▶ **Records**
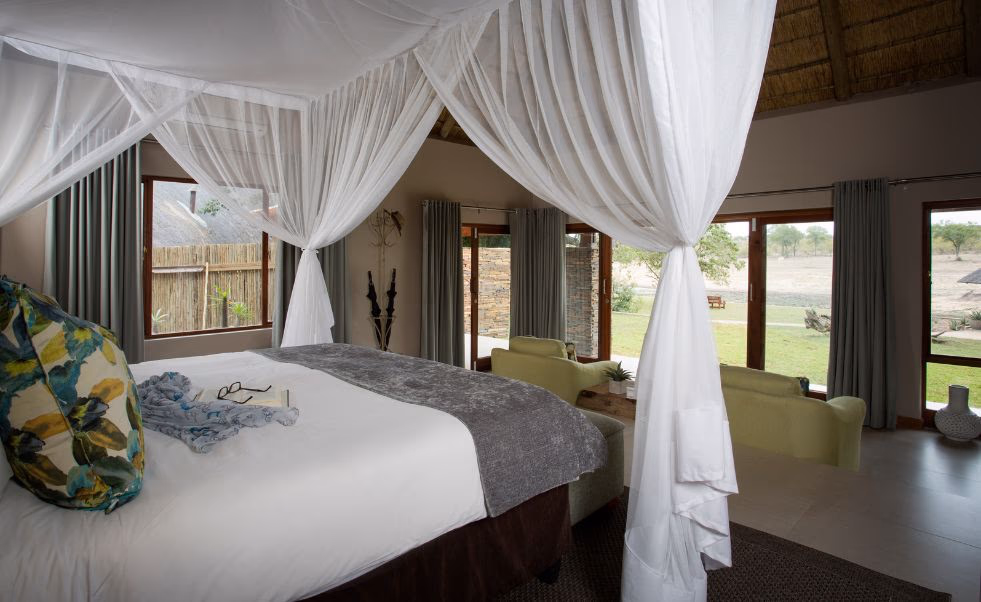 Waterhole-Facing Suite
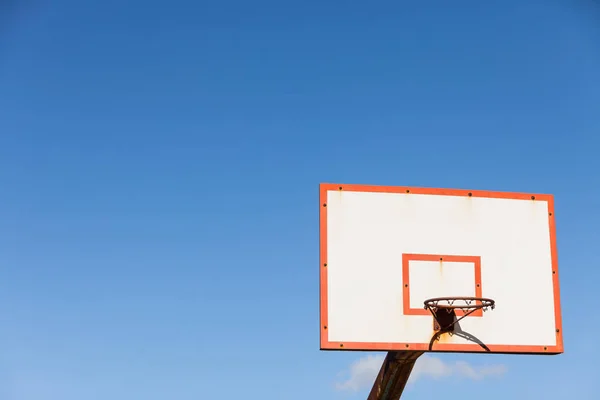 Basketballkorb vor blauem Himmel — Stockfoto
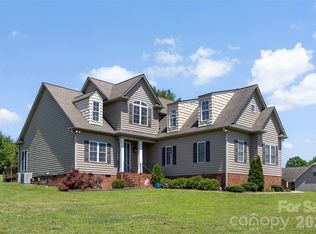 816 Springs Rd, Dallas, NC 28034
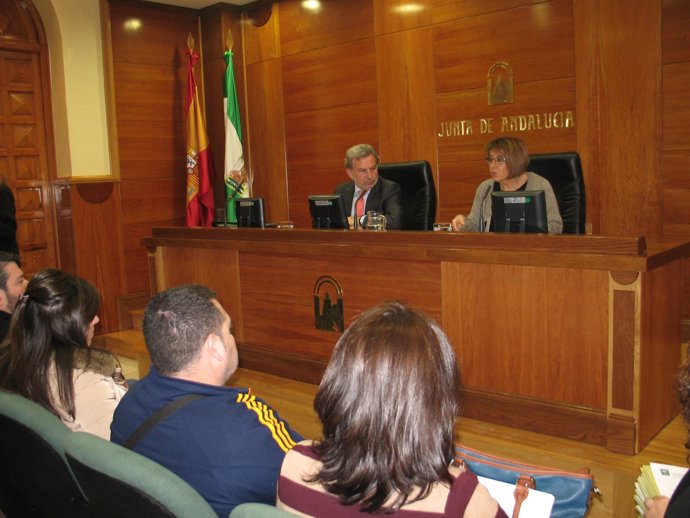 González y Gálvez en la entrega de resoluciones del Bonos de Empleo Joven.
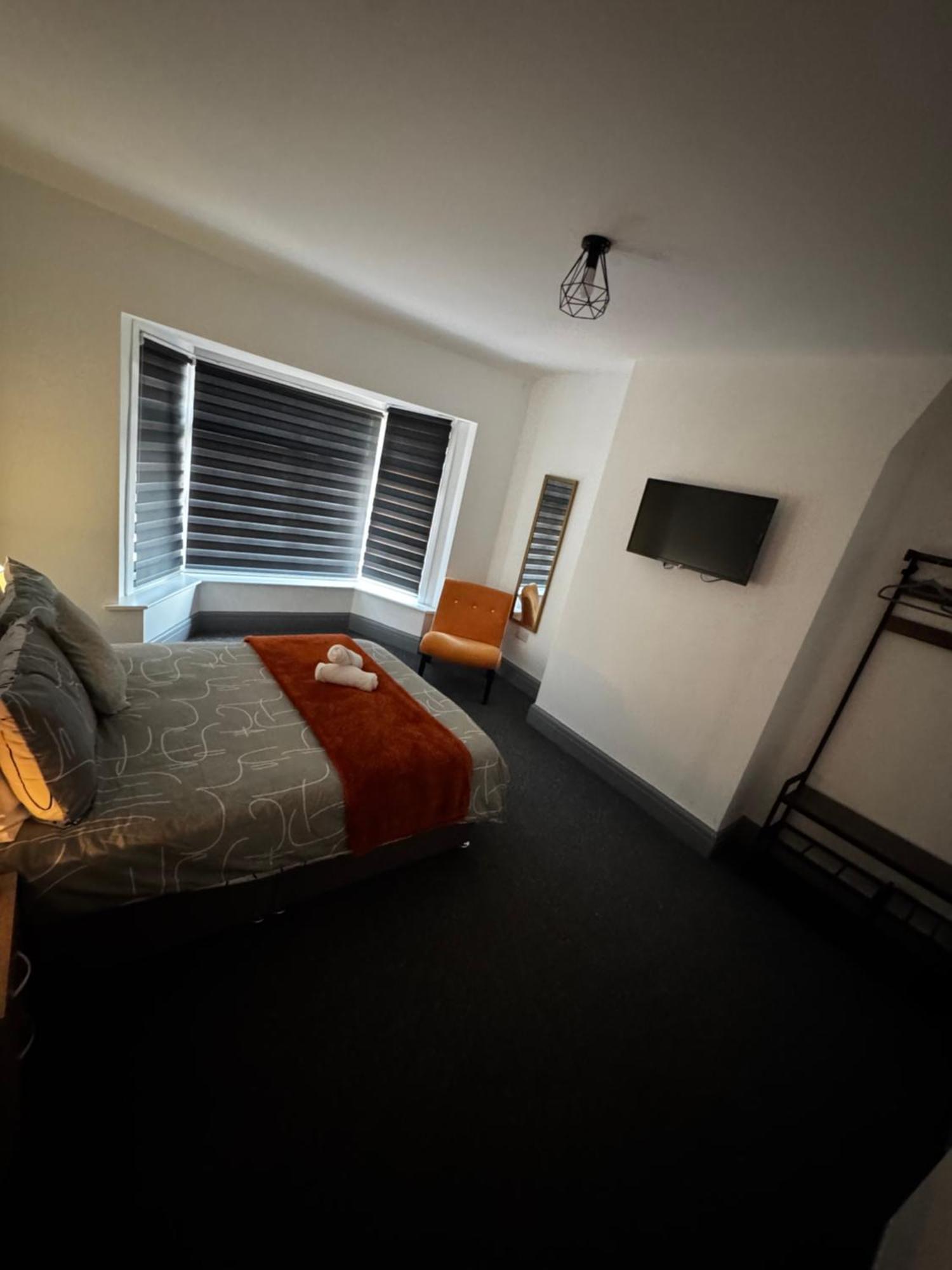 Melville House - Pet Friendly Blackpool Eksteriør billede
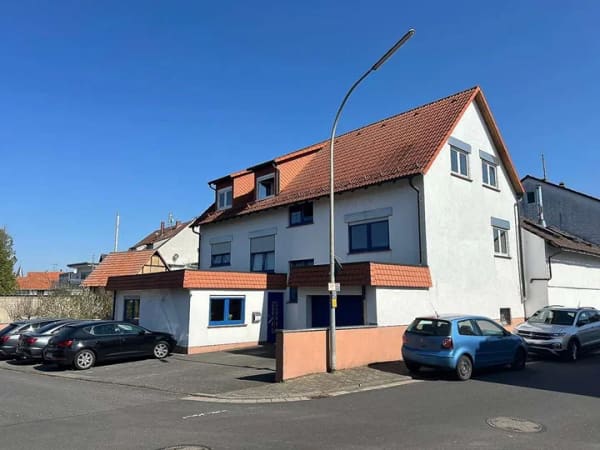 Immobilie in Hasselroth - Mehrfamilienhaus auf kleinem Grundstück in Hasselroth-Niedermittlau - Bild 0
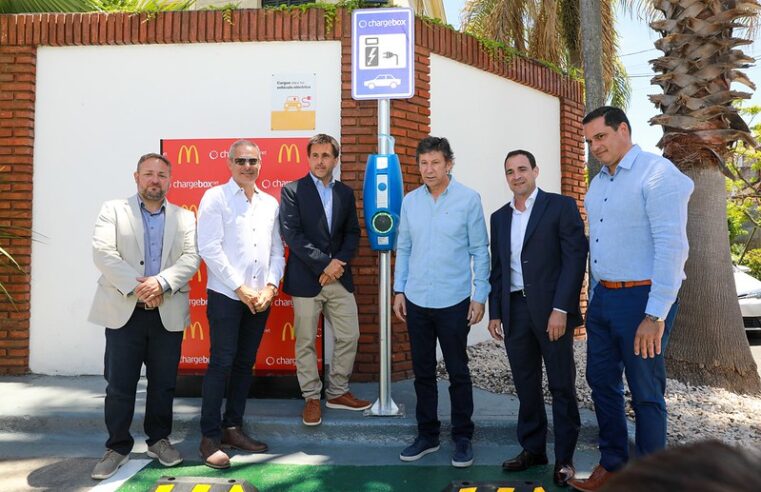 En el McDonald’s de San Isidro presentaron  la primera estación de carga para automóviles eléctricos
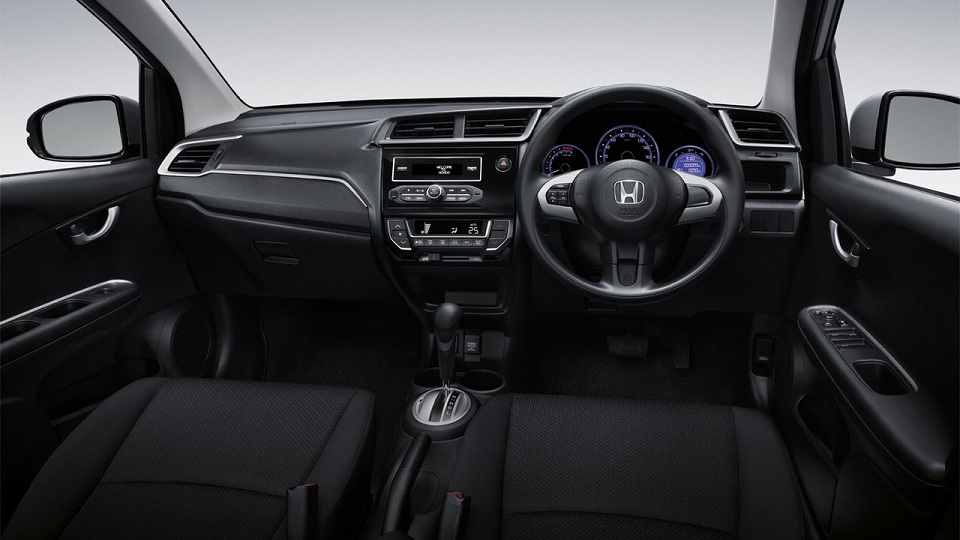 Inside the 2016 Honda Brio Amaze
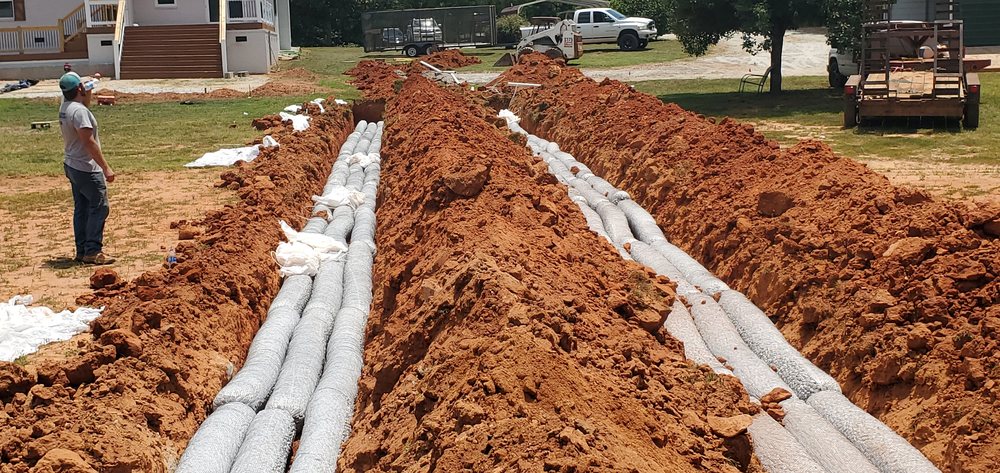 Davis Septic Grading and Pumping - septic in Belton, SC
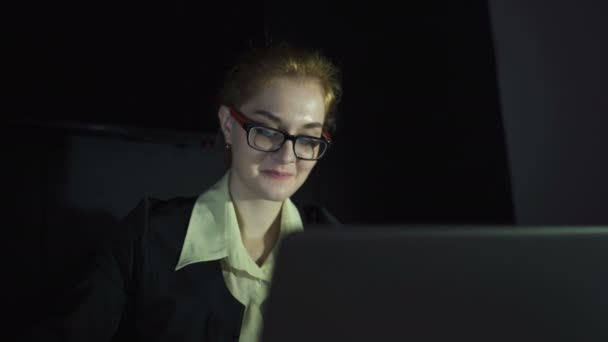年轻的女商人在办公室里的笔记本电脑工作 满足了他的工作 — 图库视频影像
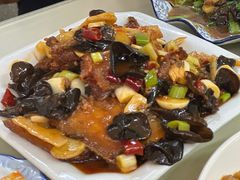 红烧带鱼-瑜瑜饭馆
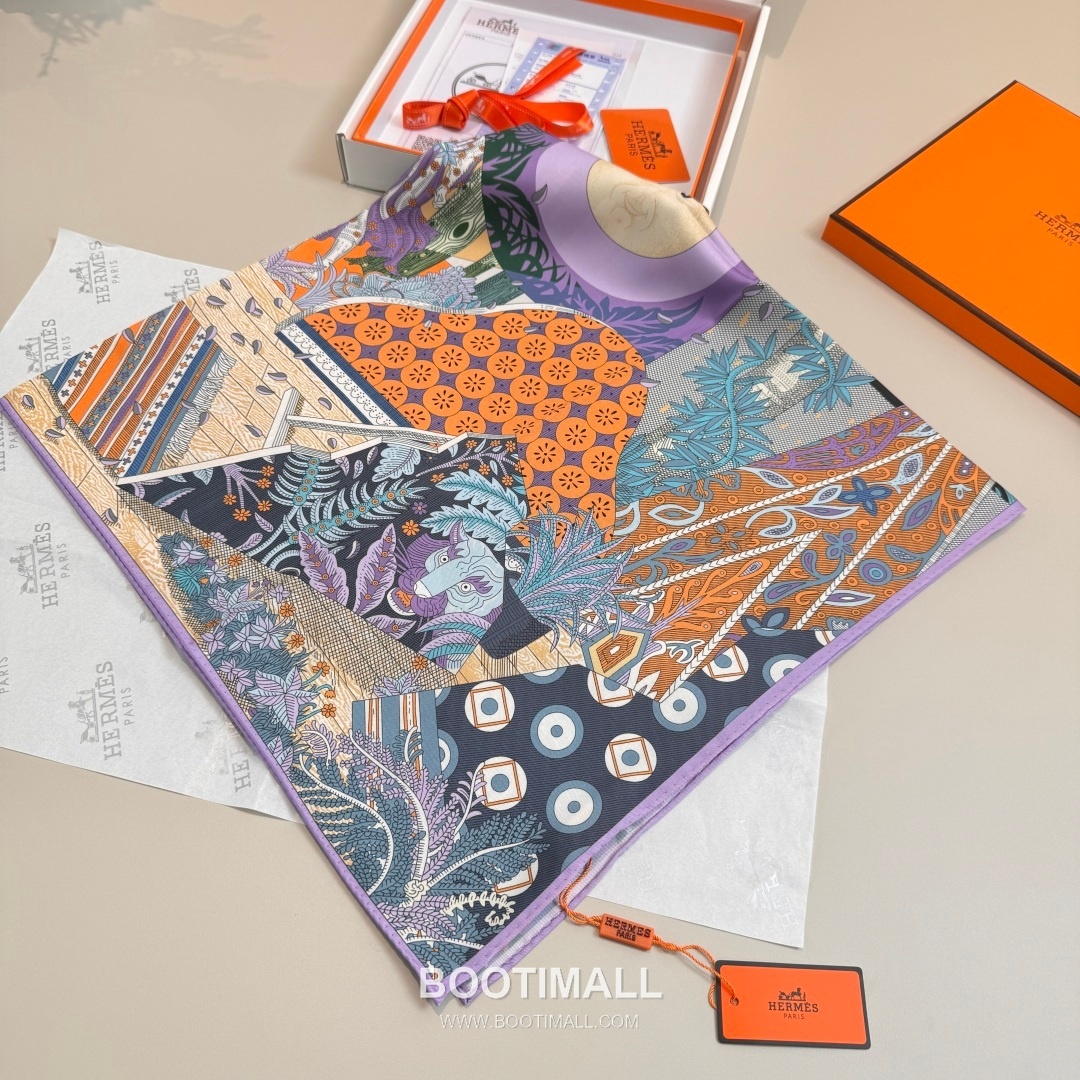 Hermès A Midsummer Night’s Dream Silk Square Scarf Story Print 에르메스 한여름 밤의 꿈 실크 스퀘어 스카프 90cm 2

▶ **Task description**
Every entry, exactly as written: transcribe it, passing over any pictures.

▶ **Written solution**
 Waterhole-Facing Suite
 Basketballkorb vor blauem Himmel — Stockfoto
 816 Springs Rd, Dallas, NC 28034
 González y Gálvez en la entrega de resoluciones del Bonos de Empleo Joven.
 Melville House - Pet Friendly Blackpool Eksteriør billede
 Immobilie in Hasselroth - Mehrfamilienhaus auf kleinem Grundstück in Hasselroth-Niedermittlau - Bild 0
 En el McDonald’s de San Isidro presentaron  la primera estación de carga para automóviles eléctricos
 Inside the 2016 Honda Brio Amaze
 Davis Septic Grading and Pumping - septic in Belton, SC
年轻的女商人在办公室里的笔记本电脑工作 满足了他的工作 — 图库视频影像
 红烧带鱼-瑜瑜饭馆
 Hermès A Midsummer Night’s Dream Silk Square Scarf Story Print 에르메스 한여름 밤의 꿈 실크 스퀘어 스카프 90cm 2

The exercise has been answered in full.